In [1]:
from urllib.request import urlopen # Python module that provides a high-level
                                   # interface for fetching data across the
from bs4 import BeautifulSoup

In [2]:
# Context: when  the scraper is running, its common to hit errors, therefore stops
# scraper's execution. Thats why we have to anticipate the exceptions first.

In [7]:
# Conventional web scraping

url = 'https://www.metrocuadrado.com/venta/medellin/?search=form' # 1.

with urlopen(url) as response:
    bs = BeautifulSoup(response, 'html.parser')

bs.h1

# 1.There we could have 2 possible problems:
# The page is not found on the server (or there was an error in retrieving it).
# Output: "404: Page not found", "500 Internal Server Error"
# The server is not found.

<h1 class="H1-xsrgru-0 jdfXCo d-sm-inline-block breadcrumb-item active">  Inmuebles en Venta en Medellín</h1>

In [8]:
# HTTP Error hangdling

from urllib.error import HTTPError # Handles HTTP errors. The code 
                                   # can continue to run even if an error arises
url = 'https://www.metrocuadrado.com/venta/medellin/?search=form'

with urlopen(url) as response: # Closes the connection once the code is executed
    try:
        bs = BeautifulSoup(response, 'html.parser')
    except HTTPError as e:
        print(e)
        # return null, break, or do some other "Plan B"
    else:
        print(bs.h1)
        # program continues. Note: If you return or break in the
        # exception catch, you do not need to use the "else" statement                                   

<h1 class="H1-xsrgru-0 jdfXCo d-sm-inline-block breadcrumb-item active">  Inmuebles en Venta en Medellín</h1>


In [11]:
# HTTP + URL Error handling

from urllib.error import URLError # Handles URL errors.


url = 'https://www.metrocuadrado.com/venta/medellin/?search=form'

with urlopen(url) as response: # Closes the connection once the code is executed
    try:
        bs = BeautifulSoup(response, 'html.parser')
    except HTTPError as e:
        print('HTTP error; ',e)
    except URLError as e:
        print('URL error: ',e)
    else:
        print(bs.h1)

# - HTTPError specifically handles HTTP response errors.
# - URLError is more general and catches a broader range of issues related to URL
# requests, such as network problems, failed connections, or incorrectly formatted URLs.

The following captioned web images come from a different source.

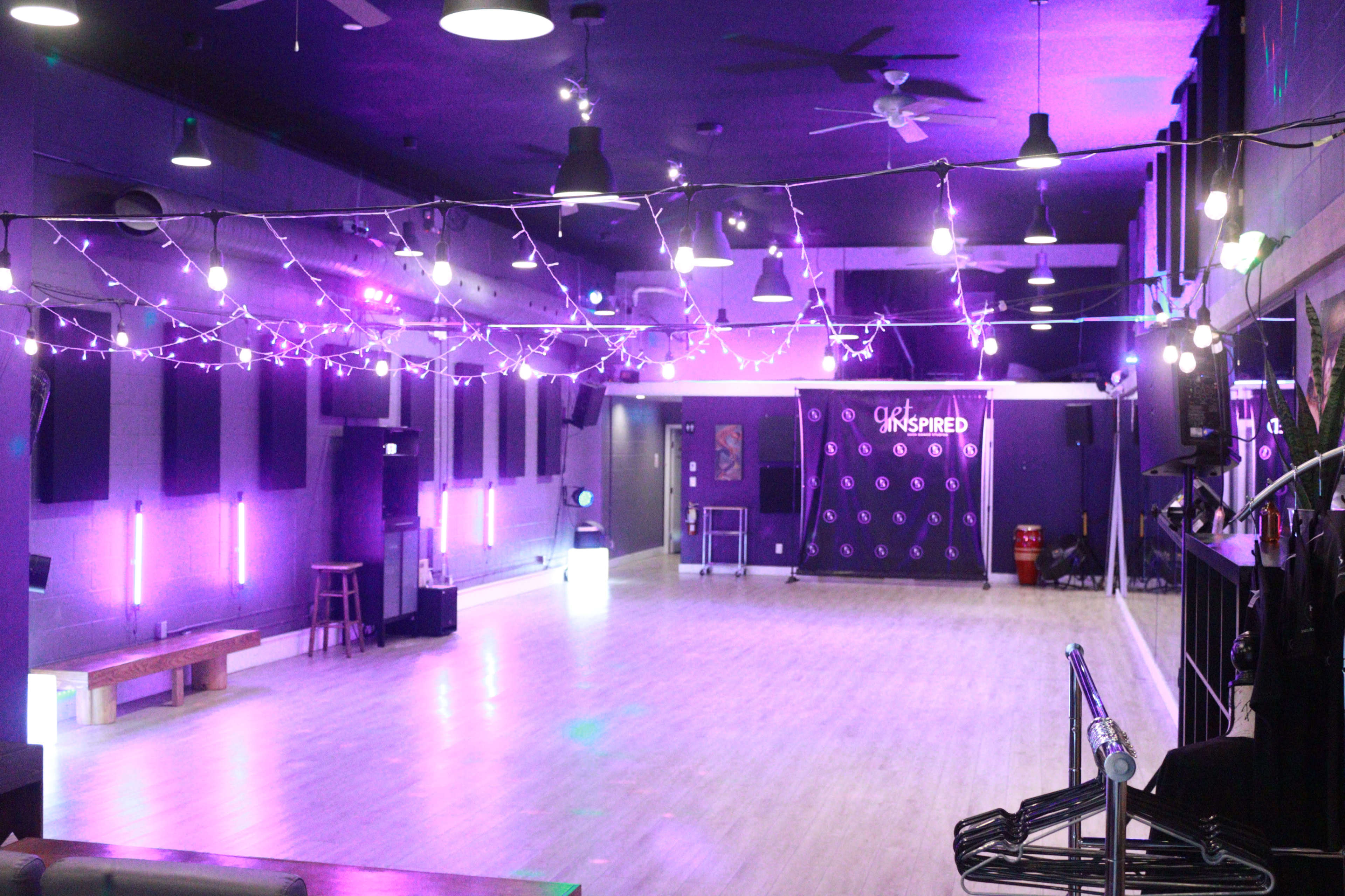 A spacious dance studio with purple lighting, wooden flooring, and string lights overhead.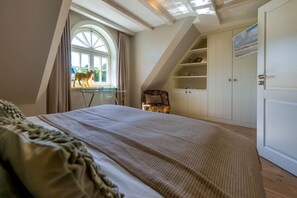 A bedroom with a large bed, a desk, a chair, a wardrobe, and a window with a view of a dog.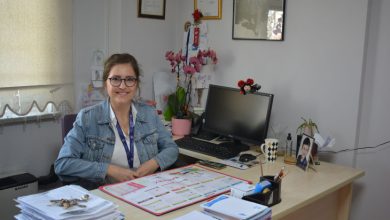 Görselde, bir ofis ortamında masasında oturan ve gülümseyen bir kadın görülüyor. Masanın üzerinde takvim, belgeler, kalemlik, bilgisayar ve çeşitli kişisel eşyalar yer alıyor. Arka planda çerçeveli belgeler ve çiçekler bulunuyor. Ortam sakin ve düzenli bir çalışma alanı izlenimi veriyor.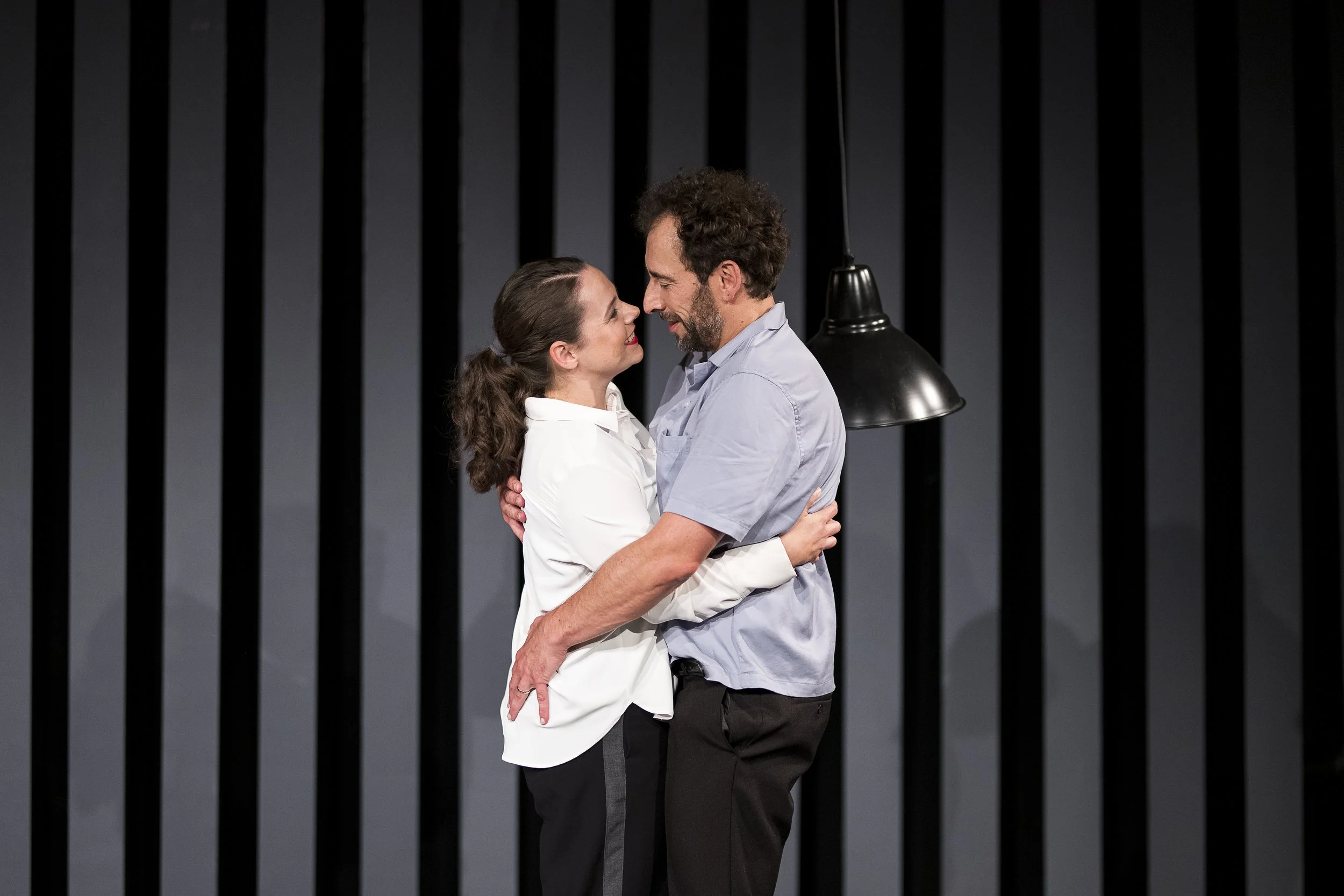 Zwei Menschen umarmen sich und blicken sich in die Augen auf einer Bühnenausschnitt.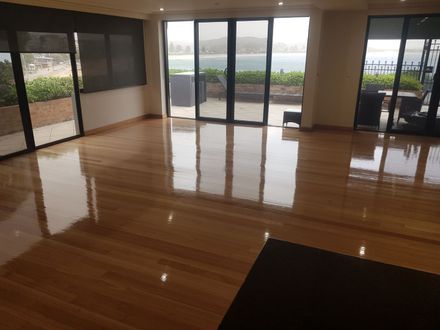 A living room with a wooden floor and lots of windows.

<h1 class="H1-xsrgru-0 jdfXCo d-sm-inline-block breadcrumb-item active">  Inmuebles en Venta en Medellín</h1>


In [None]:
# - When web scraping, its important to think the overall pattern for handling
# exceptions.
# - Reuse code.
# - Generic functions such as getSiteHtml or getTitle (with its exception handling)
# makes easy to scrape.